Content starts

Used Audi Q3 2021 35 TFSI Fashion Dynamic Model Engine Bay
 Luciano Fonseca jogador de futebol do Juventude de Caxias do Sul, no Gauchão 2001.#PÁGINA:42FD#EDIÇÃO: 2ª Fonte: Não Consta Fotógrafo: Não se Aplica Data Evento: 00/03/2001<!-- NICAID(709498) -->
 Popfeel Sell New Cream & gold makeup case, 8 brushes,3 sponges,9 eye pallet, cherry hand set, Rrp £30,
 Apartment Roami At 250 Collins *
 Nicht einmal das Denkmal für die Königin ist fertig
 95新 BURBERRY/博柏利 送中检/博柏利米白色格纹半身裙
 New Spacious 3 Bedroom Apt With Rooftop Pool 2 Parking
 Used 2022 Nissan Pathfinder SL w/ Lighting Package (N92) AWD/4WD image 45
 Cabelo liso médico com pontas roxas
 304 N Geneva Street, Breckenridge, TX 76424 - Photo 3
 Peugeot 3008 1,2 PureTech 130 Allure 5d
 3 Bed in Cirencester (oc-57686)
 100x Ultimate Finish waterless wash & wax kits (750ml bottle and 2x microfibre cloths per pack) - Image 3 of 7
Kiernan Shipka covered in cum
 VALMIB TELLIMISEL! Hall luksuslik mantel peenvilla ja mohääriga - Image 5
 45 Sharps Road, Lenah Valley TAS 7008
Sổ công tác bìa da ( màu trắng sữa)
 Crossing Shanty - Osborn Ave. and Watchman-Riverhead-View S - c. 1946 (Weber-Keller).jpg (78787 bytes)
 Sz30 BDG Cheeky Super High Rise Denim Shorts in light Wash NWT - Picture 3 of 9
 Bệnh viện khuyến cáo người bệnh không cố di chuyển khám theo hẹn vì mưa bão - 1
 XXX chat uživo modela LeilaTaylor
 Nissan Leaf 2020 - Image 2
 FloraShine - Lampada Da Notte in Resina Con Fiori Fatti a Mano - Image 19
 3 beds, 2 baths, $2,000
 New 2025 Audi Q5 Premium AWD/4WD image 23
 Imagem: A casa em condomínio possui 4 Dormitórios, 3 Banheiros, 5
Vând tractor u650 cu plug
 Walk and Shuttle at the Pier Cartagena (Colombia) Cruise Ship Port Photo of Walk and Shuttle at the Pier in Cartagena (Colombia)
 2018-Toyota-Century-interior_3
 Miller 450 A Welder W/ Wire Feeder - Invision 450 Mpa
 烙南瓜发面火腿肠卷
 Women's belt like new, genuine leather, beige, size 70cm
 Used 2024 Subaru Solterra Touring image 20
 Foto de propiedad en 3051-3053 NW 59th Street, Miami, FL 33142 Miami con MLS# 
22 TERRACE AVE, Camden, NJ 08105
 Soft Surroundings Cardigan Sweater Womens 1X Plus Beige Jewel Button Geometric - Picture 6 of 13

Content ends

> [PROBLEM TO SOLVE] After the last line, print all the entries once again, unchanged.

> [RESPONSE TO THE EXERCISE]
Used Audi Q3 2021 35 TFSI Fashion Dynamic Model Engine Bay
 Luciano Fonseca jogador de futebol do Juventude de Caxias do Sul, no Gauchão 2001.#PÁGINA:42FD#EDIÇÃO: 2ª Fonte: Não Consta Fotógrafo: Não se Aplica Data Evento: 00/03/2001<!-- NICAID(709498) -->
 Popfeel Sell New Cream & gold makeup case, 8 brushes,3 sponges,9 eye pallet, cherry hand set, Rrp £30,
 Apartment Roami At 250 Collins *
 Nicht einmal das Denkmal für die Königin ist fertig
 95新 BURBERRY/博柏利 送中检/博柏利米白色格纹半身裙
 New Spacious 3 Bedroom Apt With Rooftop Pool 2 Parking
 Used 2022 Nissan Pathfinder SL w/ Lighting Package (N92) AWD/4WD image 45
 Cabelo liso médico com pontas roxas
 304 N Geneva Street, Breckenridge, TX 76424 - Photo 3
 Peugeot 3008 1,2 PureTech 130 Allure 5d
 3 Bed in Cirencester (oc-57686)
 100x Ultimate Finish waterless wash & wax kits (750ml bottle and 2x microfibre cloths per pack) - Image 3 of 7
Kiernan Shipka covered in cum
 VALMIB TELLIMISEL! Hall luksuslik mantel peenvilla ja mohääriga - Image 5
 45 Sharps Road, Lenah Valley TAS 7008
Sổ công tác bìa da ( màu trắng sữa)
 Crossing Shanty - Osborn Ave. and Watchman-Riverhead-View S - c. 1946 (Weber-Keller).jpg (78787 bytes)
 Sz30 BDG Cheeky Super High Rise Denim Shorts in light Wash NWT - Picture 3 of 9
 Bệnh viện khuyến cáo người bệnh không cố di chuyển khám theo hẹn vì mưa bão - 1
 XXX chat uživo modela LeilaTaylor
 Nissan Leaf 2020 - Image 2
 FloraShine - Lampada Da Notte in Resina Con Fiori Fatti a Mano - Image 19
 3 beds, 2 baths, $2,000
 New 2025 Audi Q5 Premium AWD/4WD image 23
 Imagem: A casa em condomínio possui 4 Dormitórios, 3 Banheiros, 5
Vând tractor u650 cu plug
 Walk and Shuttle at the Pier Cartagena (Colombia) Cruise Ship Port Photo of Walk and Shuttle at the Pier in Cartagena (Colombia)
 2018-Toyota-Century-interior_3
 Miller 450 A Welder W/ Wire Feeder - Invision 450 Mpa
 烙南瓜发面火腿肠卷
 Women's belt like new, genuine leather, beige, size 70cm
 Used 2024 Subaru Solterra Touring image 20
 Foto de propiedad en 3051-3053 NW 59th Street, Miami, FL 33142 Miami con MLS# 
22 TERRACE AVE, Camden, NJ 08105
 Soft Surroundings Cardigan Sweater Womens 1X Plus Beige Jewel Button Geometric - Picture 6 of 13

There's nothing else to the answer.